I am pointing out that fragmentation in the COMPUTER HARDWARE and SOFTWARE is normal and exists since computers are among us. Windows market is a tiny spot of the COMPUTER HARDWARE and SOFTWARE around the world.

Any good developer learns to deal with it instead of writing posts whining about it.

Plus iOS which is oversold as not being fragmented has different set of API support depending on iOS/handset/tablet pair set.

1 comments

But... it wasn't ('a tiny spot') at the time. And good developers didn't 'deal with it' so much as people simply upgraded their hardware - computer stores routinely upgraded people's modems, graphics cards, sound cards, monitors, etc. Of course, some software would run with lower quality hardware, or try to run without certain features, but people mostly upgraded components (or entire systems) to be able to run newer software. We do that today somewhat - buying new systems - but no one reasonably tries to upgrade the CPU in their android smartphone - they just get a new one.

We're either talking past each other or have a vastly different sense of the issue we're talking about (or both).

> We're either talking past each other or have a vastly different sense of the issue we're talking about (or both).

My point is that developers always had zero control over the hardware/software configuration of the systems being targeted, it has nothing to do with the ability to upgrade.

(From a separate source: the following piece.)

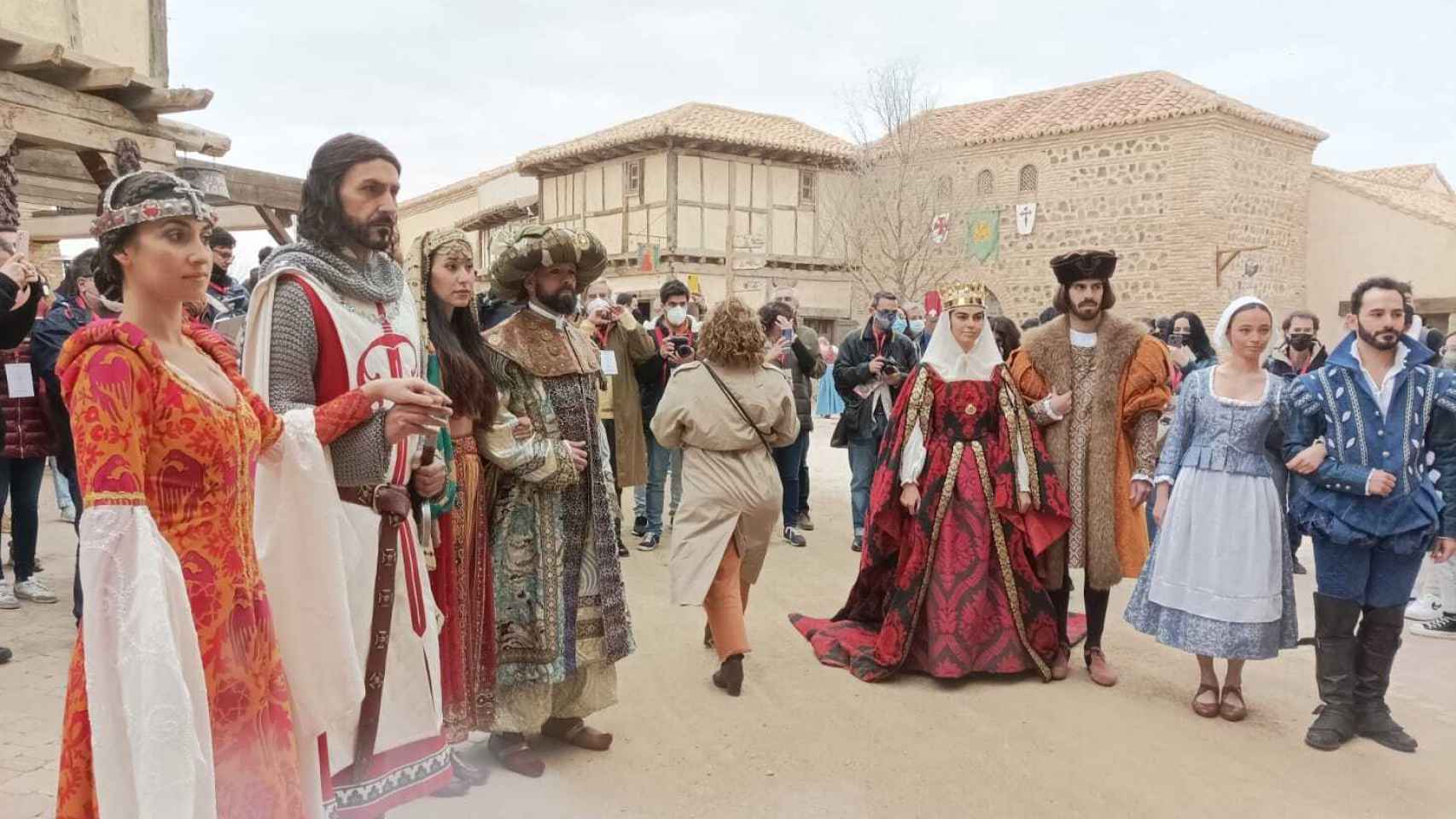 Varios personajes históricos, entre los que se encuentran Jimena, el Cid o Colón, durante la apertura de Puy du Fou.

Lets say one is coding an application for Amigas. There are 500, 600, 1000, 1200, .... series.

There is zero control over which type of monitor/TV and external devices the respective users have attached to their systems.

There is no concept of device drivers as of today systems, most need to be provided by the application writers themselves.

Again, zero to do with upgrade capability rather with the diversity of the installed base.